* [Task prompt]:
Print every record below exactly as it stands, but leave out the pictures.

Dataset excerpts:
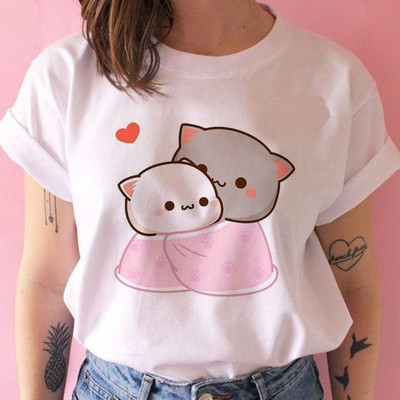 Tricou cu desene animate ursuleț panda Bubu și Dudu Tricouri drăguțe 100% bumbac Tricouri scurte O-Gât Kawaii Topuri mâneci Fete Print Ullzang Casual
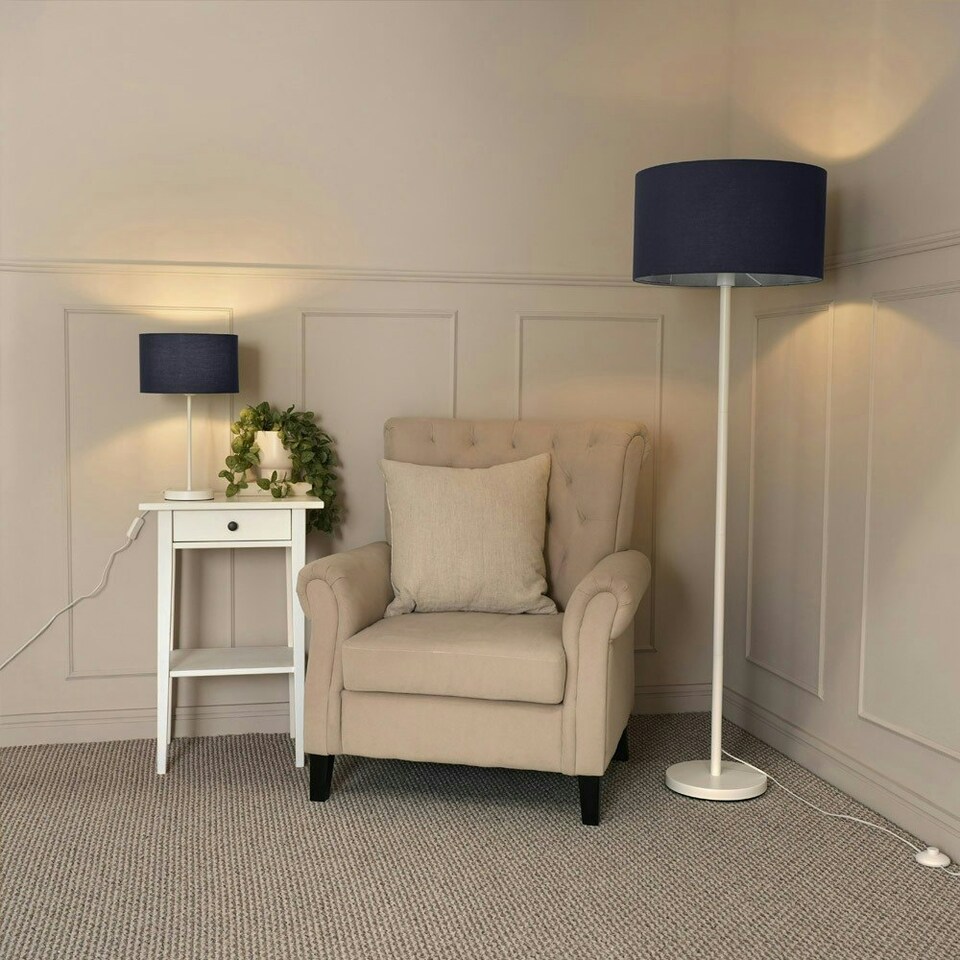 image 1 of ValueLights Charlie White Floor Lamp Navy Shade & Bulb 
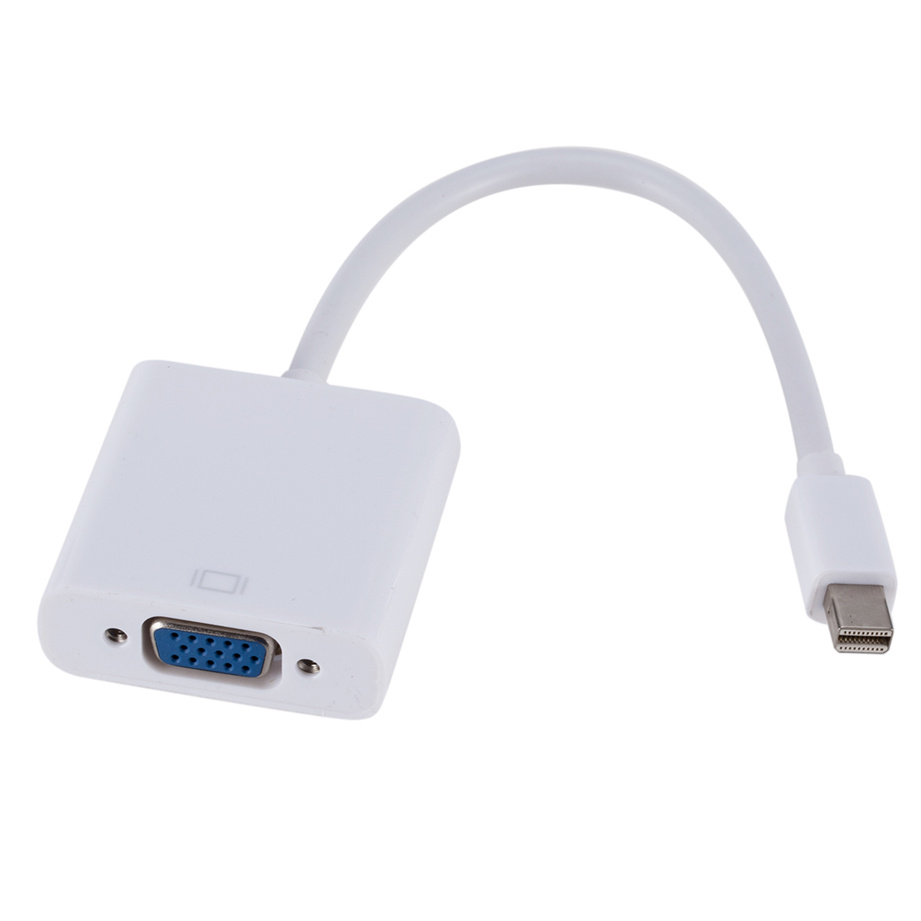 For MacBook Air Pro iMac Mac Mini Thunderbolt Mini DisplayPort Display Port Mini DP To VGA Cable Adapter 1080P for HDTV Monitor: white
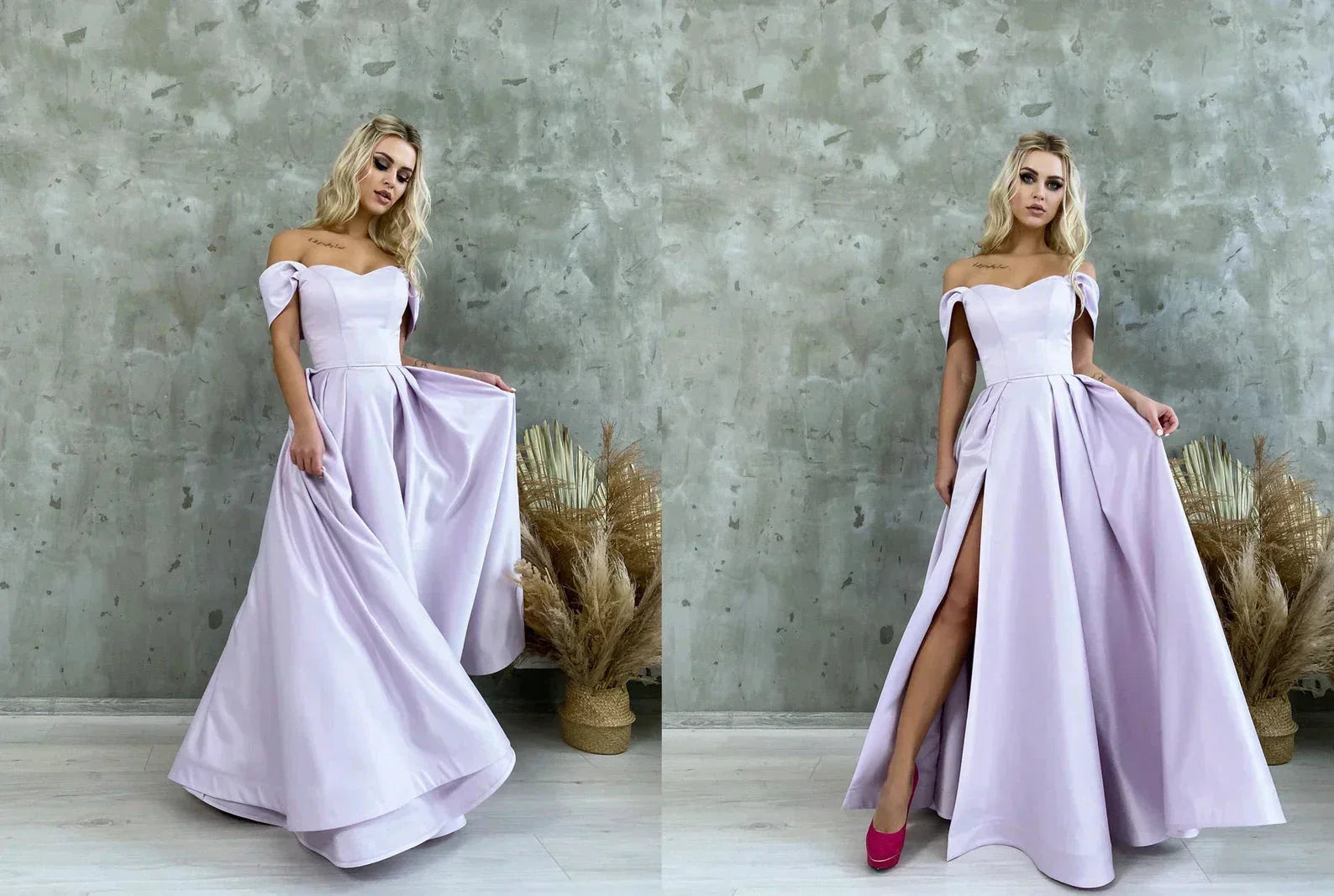 Satin Corset Off Shoulder Prom Dress with High Slit SYP184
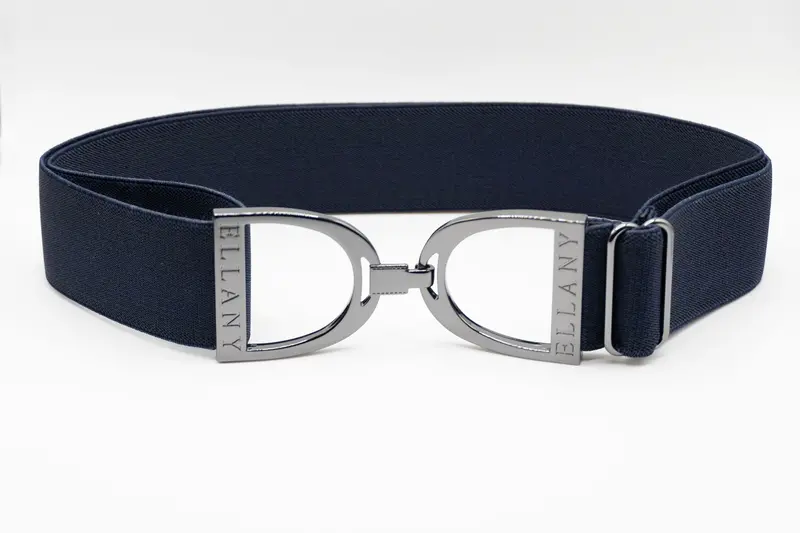 Navy 1.5-Inch Gunmetal Stirrup Elastic Belt 1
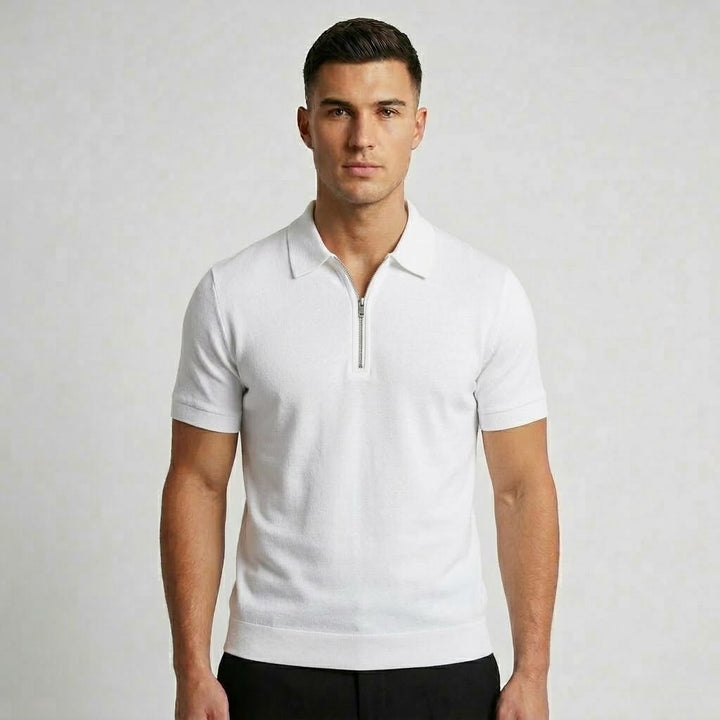 Men’s Slim Fit Zipper Polo Shirt for Casual or Active Wear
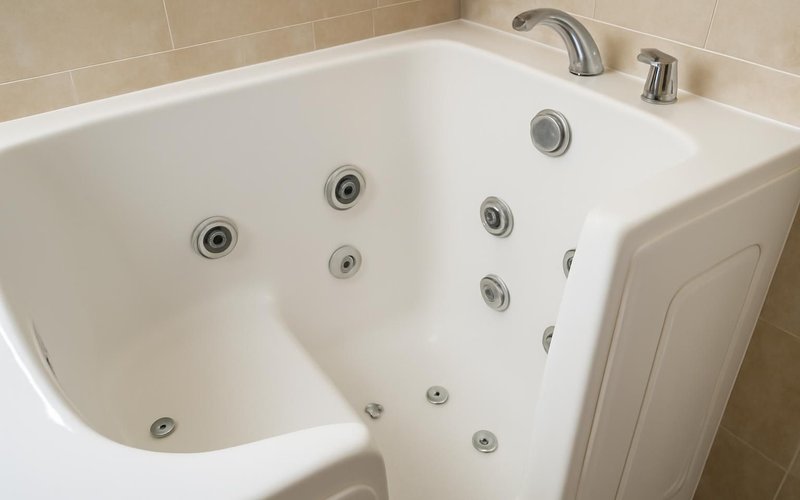 AI concept: Hydrotherapy jets inside a walk-in tub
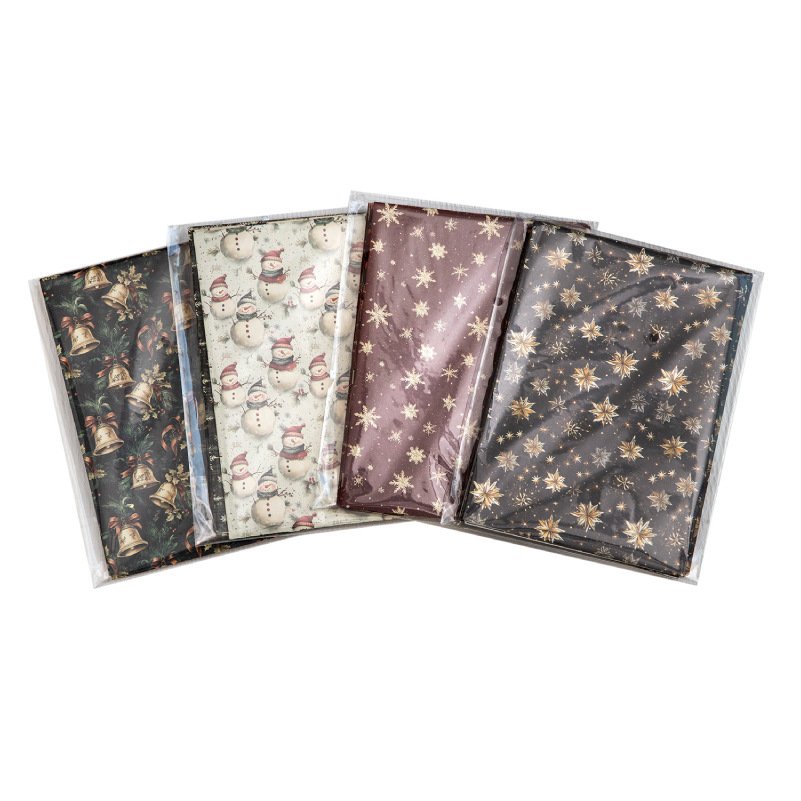 8pcs/pack Christmas theme material wrapping paper Christmas surprise series Hundreds of handbook DIY packaging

* [Your solution]:
 Tricou cu desene animate ursuleț panda Bubu și Dudu Tricouri drăguțe 100% bumbac Tricouri scurte O-Gât Kawaii Topuri mâneci Fete Print Ullzang Casual
 image 1 of ValueLights Charlie White Floor Lamp Navy Shade & Bulb 
 For MacBook Air Pro iMac Mac Mini Thunderbolt Mini DisplayPort Display Port Mini DP To VGA Cable Adapter 1080P for HDTV Monitor: white
 Satin Corset Off Shoulder Prom Dress with High Slit SYP184
 Navy 1.5-Inch Gunmetal Stirrup Elastic Belt 1
 Men’s Slim Fit Zipper Polo Shirt for Casual or Active Wear
 AI concept: Hydrotherapy jets inside a walk-in tub
 8pcs/pack Christmas theme material wrapping paper Christmas surprise series Hundreds of handbook DIY packaging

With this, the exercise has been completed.